TASK DESCRIPTION: Although the material holds pictures, none belong in the copy; transcribe exactly, and only, the lines from the one with "Sacou de bărbați, Slim" through the end.

EXERCISE DATA:
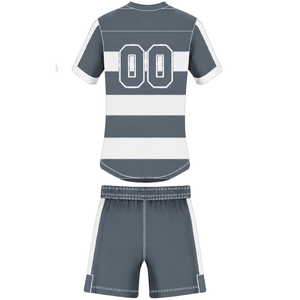 <b>Charcoal</b> Grey White Short Sleeve Rugby Uniform Set Crew Neck Striped Rugby Jersey Drawstring Shorts Athletic Performance Team - Product Image 2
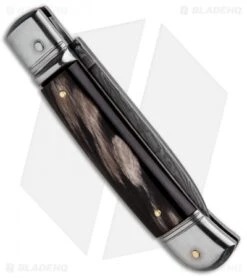 AKC Classic 8" Lever Lock Automatic Italian Knife Dark Horn (3.2" Damascus) -Akc Sales Store AKC Classic 8in LL Dark Horn Damascus Flat BP 30457 jr side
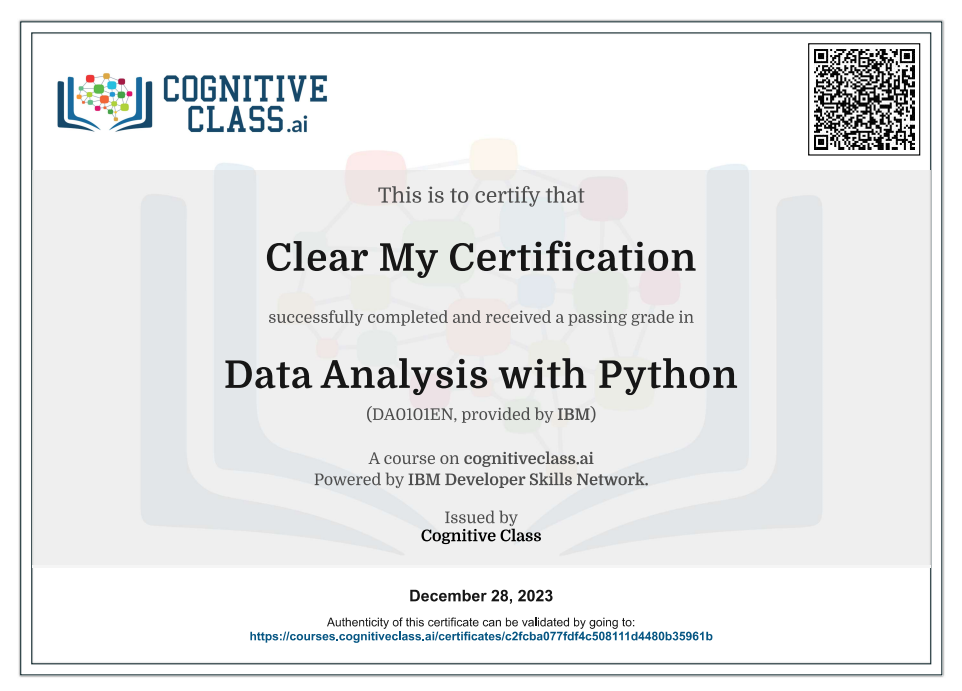 Data Analysis with Python Cognitive Class Exam Quiz Answers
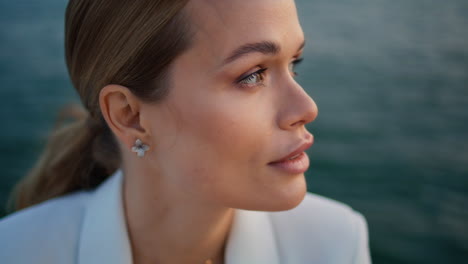 tranquil lady relaxing sea water close up. portrait of serene woman enjoy nature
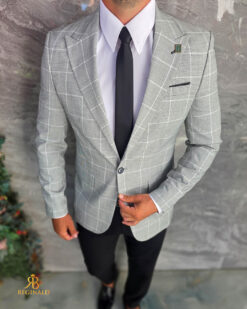 Sacou de bărbați, Slim Fit, Gri in carouri- SC1143 - Imagen 5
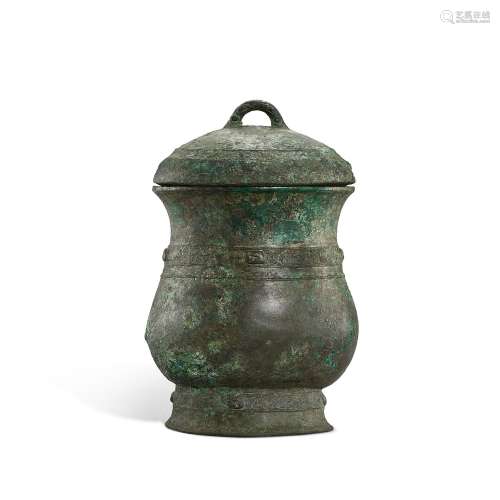 An inscribed bronze vessel and cover, zhi, Early Western Zho...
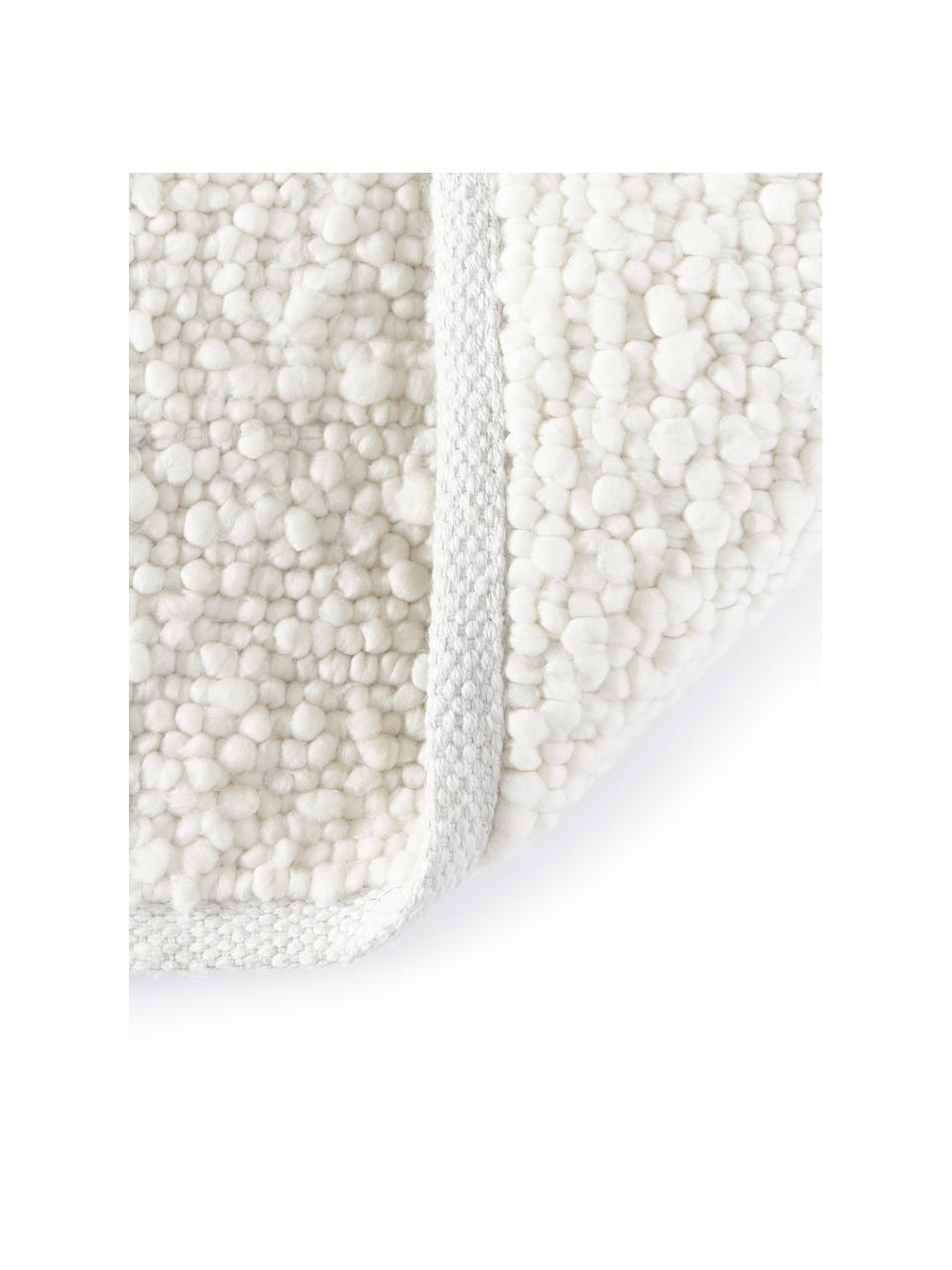 Handgewebter Teppich Leah in Weiss, 100 % Polyester, GRS-zertifiziert, Weiss, B 80 x L 150 cm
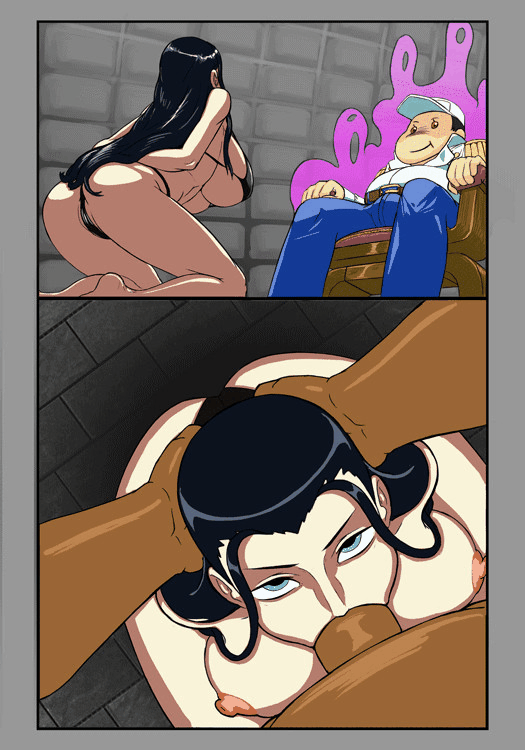 1boy 1girl animated animated_gif anus anythinggoes ass ass_focus aura bikini black_bikini black_hair blue_eyes bouncing_breasts breasts cameltoe curvy fellatio hetero huge_ass large_breasts long_hair looking_at_another marine_(one_piece) navel nico_robin nipples nude one_piece oral penis prisoner sequential shiny_skin sitting slave sunglasses sunglasses_on_head swimsuit thong_bikini uncensored wide_hips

EXERCISE ANSWER:
 Sacou de bărbați, Slim Fit, Gri in carouri- SC1143 - Imagen 5
 An inscribed bronze vessel and cover, zhi, Early Western Zho...
 Handgewebter Teppich Leah in Weiss, 100 % Polyester, GRS-zertifiziert, Weiss, B 80 x L 150 cm
 1boy 1girl animated animated_gif anus anythinggoes ass ass_focus aura bikini black_bikini black_hair blue_eyes bouncing_breasts breasts cameltoe curvy fellatio hetero huge_ass large_breasts long_hair looking_at_another marine_(one_piece) navel nico_robin nipples nude one_piece oral penis prisoner sequential shiny_skin sitting slave sunglasses sunglasses_on_head swimsuit thong_bikini uncensored wide_hips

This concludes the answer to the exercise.